Lung cancer is likely to surpass breasts cancers as the primary cause of cancer loss of life among Western females by the middle of this decade, according to new research released in cancer publication History of Oncology. In the UK and Belgium, it has already overtaken breasts cancers as the primary cause of cancer deaths in females.
The research by scientists in Tuscany and Europe forecasts that just over 1.3 thousand individuals will die from cancer (737,747 men and 576,489 women) in the 27 nations of the Western Partnership in 2013. Although the real figures have improved when in contrast to 2009 (the season for which there are World Health Company death rate information for most EU countries), the amount (age-standardised per 100,000 populations) of individuals who die from the illness has dropped. Since 2009 there has been 6% drop among men and 4% drop among females.
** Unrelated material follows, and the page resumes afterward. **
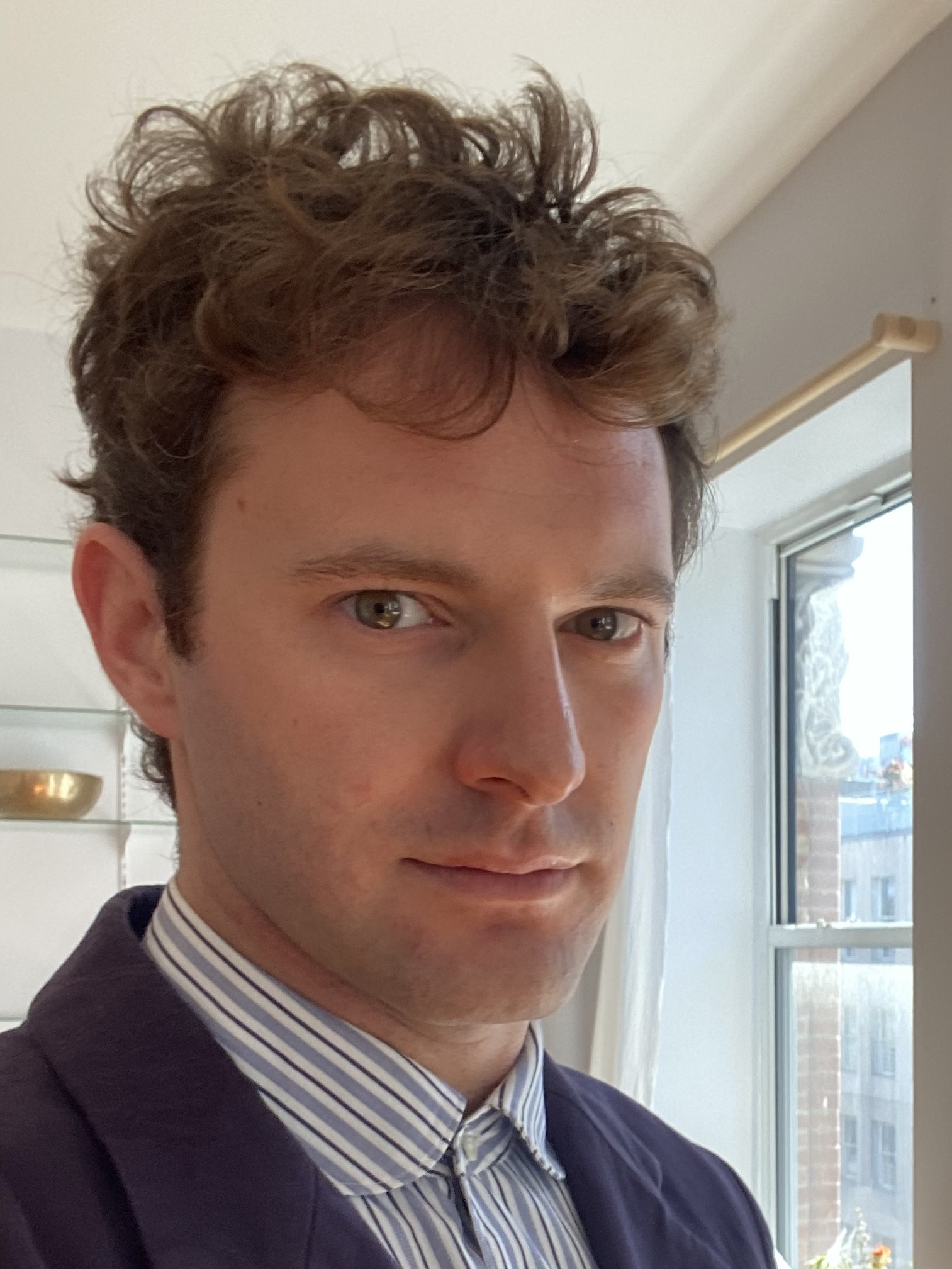 Headshot of Timmy Simonds looking at camera in a collared shirt and coat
However, despite the decrease in cancer deaths overall, lung cancer loss of life rates keep increase among females in all nations, while breasts cancers rates drop. In 2013 there will be an approximated 88,886 deaths (14.6 per 100,000 women) from breasts cancers and 82,640 deaths (14 per 100,000 women) from lung cancer. Lung Cancer deaths have increased by 7% among females since 2009.
“This expected rise of women lung cancer in the UK may indicate the improved occurrence of younger ladies beginning cigarette smoking in the delayed 60s and 70s, possibly due to modifying socio-cultural behaviour at that time. However, less young ladies these days in the UK and elsewhere in European countries are cigarette smoking and, therefore, deaths from lung cancer may start to level off after 2020 at around 15 per 100,000 females.”
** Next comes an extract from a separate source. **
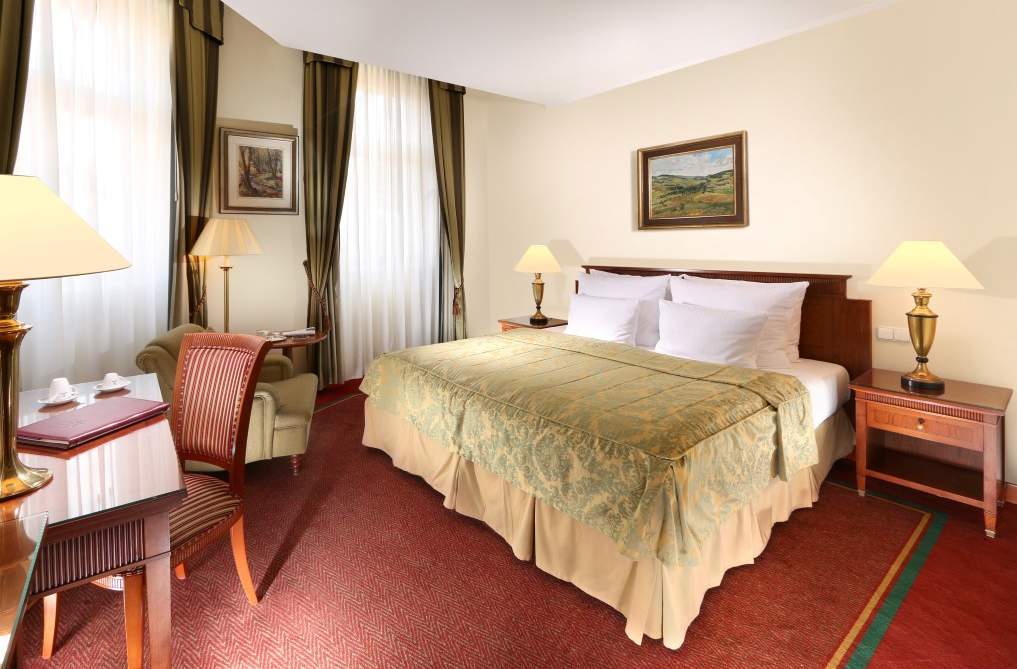 Art Nouveau Palace Hotel Praga Zewnętrze zdjęcie The photo shows the interior of a hotel room. It features a neatly made bed with a light green bedspread and white pillows. To the side, there's a bedside table with a lamp. A painting hangs on the wall above the bed, depicting a landscape. The room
Deaths from breasts cancers have been decreasing continuously, with a 7% drop in rates since 2009 in the EU.
Although the lung cancer is still the primary cause of cancer loss of life among men, with nearly 187,000 deaths expected for 2013, providing a loss of life amount of 37.2 per 100,000 men, this symbolizes a 6% drop since 2009.
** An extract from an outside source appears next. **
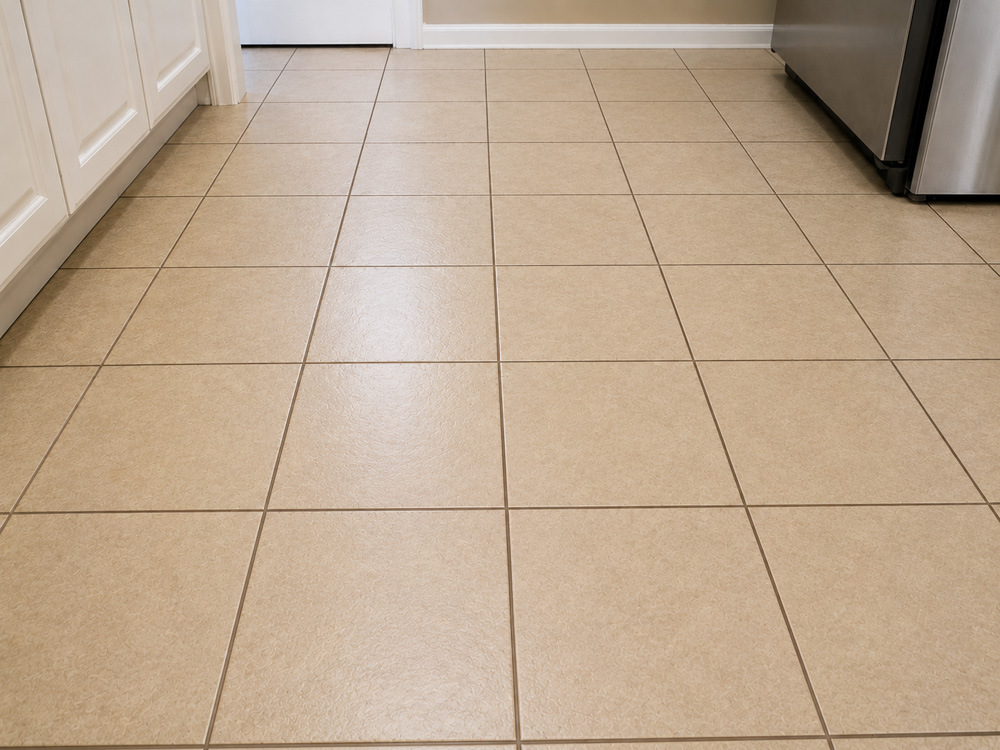 Kitchen floor grout with a new uniform color after professional color sealing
The research considered cancer rates in the whole of the EU (27 member states as at 2007) and also in six individual nations – Poland, Germany, Italy, Spain, France and the UK – for all cancers, and, independently, for abdomen, intestine, pancreatic, lung, prostate, breasts, uterus (including cervix) and leukaemias. This is the third successive season the scientists have released expected EU cancer deaths. Last season they expected deaths for 2012.
The scientists targeted on intestinal cancers, particularly colorectal tract cancers, for their 2013 forecasts. They found that, overall; there has been a decrease in rates of deaths from intestinal tract cancers in the EU. They estimate there will be 87,818 deaths (16.7 per 100,000) in men and 75,059 (9.5 per 100,000) in females in 2013; this symbolizes a drop when in contrast to real loss of life rates of 17.6 for men and 10.5 for females for the period 2005-2009.
However, there are large modifications between European countries. Poland and Spain have the biggest rates of colorectal cancer deaths among men, with rates well above the EU average at 21.5 and 18.6 per 100,000 men respectively. Death rates among Polish females are also greater than the EU average, at 10.8; Spanish females have loss of life rates from abdominal tract cancers that are reduced than the EU average at 9 per 100,000 females.
Pancreatic cancer is the only cancer for which loss of life rates are not expected to decrease in both genders and, in fact, may rise in 2013. There will be an expected 40,069 deaths (8 per 100,000) in men and 40,197 deaths (5.5 per 100,000) in females in 2013. These rates are greater than those documented for 2009 of 7.9 per 100,000 in men and 5.4 per 100,000 in females. Among females in Germany the loss of life amount will be greater (6.3 per 100,000), while it will be reduced among Spanish females (4.1 per 100,000) as opposed to EU average. Men in France have the biggest expected amount (8.7 per 100,000), while the other nations in the research had more constant rates among men, with Spain and the UK having reduced rates (6.6 per 100,000) than the EU average.